• _What is expected_: Give again, word for word, every line below from the one that has "104022-635063." through the one that has "UCLOUD密码输入错误-2020-05-26 下午5.46.27", both included, and no others.
◆ ◆ ◆ ◆
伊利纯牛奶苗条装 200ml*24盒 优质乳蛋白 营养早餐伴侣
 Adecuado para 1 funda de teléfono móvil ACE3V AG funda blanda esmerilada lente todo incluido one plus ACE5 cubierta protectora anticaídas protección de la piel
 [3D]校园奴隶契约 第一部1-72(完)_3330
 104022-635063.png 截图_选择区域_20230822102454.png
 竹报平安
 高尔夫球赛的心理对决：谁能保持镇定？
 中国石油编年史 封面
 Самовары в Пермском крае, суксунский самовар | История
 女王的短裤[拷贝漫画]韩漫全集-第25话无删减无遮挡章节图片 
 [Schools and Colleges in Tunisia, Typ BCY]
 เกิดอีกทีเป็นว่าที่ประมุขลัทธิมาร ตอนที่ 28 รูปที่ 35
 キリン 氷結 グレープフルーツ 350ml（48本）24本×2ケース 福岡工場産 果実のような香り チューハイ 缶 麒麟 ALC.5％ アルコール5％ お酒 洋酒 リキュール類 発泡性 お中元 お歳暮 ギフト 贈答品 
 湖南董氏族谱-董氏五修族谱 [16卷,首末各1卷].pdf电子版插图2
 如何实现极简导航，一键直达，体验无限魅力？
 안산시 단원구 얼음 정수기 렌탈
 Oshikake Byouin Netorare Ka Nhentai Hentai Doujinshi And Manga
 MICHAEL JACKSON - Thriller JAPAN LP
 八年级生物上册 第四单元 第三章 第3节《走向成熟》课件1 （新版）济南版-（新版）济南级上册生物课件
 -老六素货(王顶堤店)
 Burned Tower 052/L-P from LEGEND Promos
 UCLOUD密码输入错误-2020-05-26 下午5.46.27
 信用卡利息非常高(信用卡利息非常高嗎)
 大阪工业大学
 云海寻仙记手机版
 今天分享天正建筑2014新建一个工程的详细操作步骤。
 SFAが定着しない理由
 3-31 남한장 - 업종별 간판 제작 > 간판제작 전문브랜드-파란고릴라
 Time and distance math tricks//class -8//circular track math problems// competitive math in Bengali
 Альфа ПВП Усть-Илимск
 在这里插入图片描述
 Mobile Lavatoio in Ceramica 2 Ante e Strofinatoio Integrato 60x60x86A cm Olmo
◆ ◆ ◆ ◆
• _Final answer_:
 104022-635063.png 截图_选择区域_20230822102454.png
 竹报平安
 高尔夫球赛的心理对决：谁能保持镇定？
 中国石油编年史 封面
 Самовары в Пермском крае, суксунский самовар | История
 女王的短裤[拷贝漫画]韩漫全集-第25话无删减无遮挡章节图片 
 [Schools and Colleges in Tunisia, Typ BCY]
 เกิดอีกทีเป็นว่าที่ประมุขลัทธิมาร ตอนที่ 28 รูปที่ 35
 キリン 氷結 グレープフルーツ 350ml（48本）24本×2ケース 福岡工場産 果実のような香り チューハイ 缶 麒麟 ALC.5％ アルコール5％ お酒 洋酒 リキュール類 発泡性 お中元 お歳暮 ギフト 贈答品 
 湖南董氏族谱-董氏五修族谱 [16卷,首末各1卷].pdf电子版插图2
 如何实现极简导航，一键直达，体验无限魅力？
 안산시 단원구 얼음 정수기 렌탈
 Oshikake Byouin Netorare Ka Nhentai Hentai Doujinshi And Manga
 MICHAEL JACKSON - Thriller JAPAN LP
 八年级生物上册 第四单元 第三章 第3节《走向成熟》课件1 （新版）济南版-（新版）济南级上册生物课件
 -老六素货(王顶堤店)
 Burned Tower 052/L-P from LEGEND Promos
 UCLOUD密码输入错误-2020-05-26 下午5.46.27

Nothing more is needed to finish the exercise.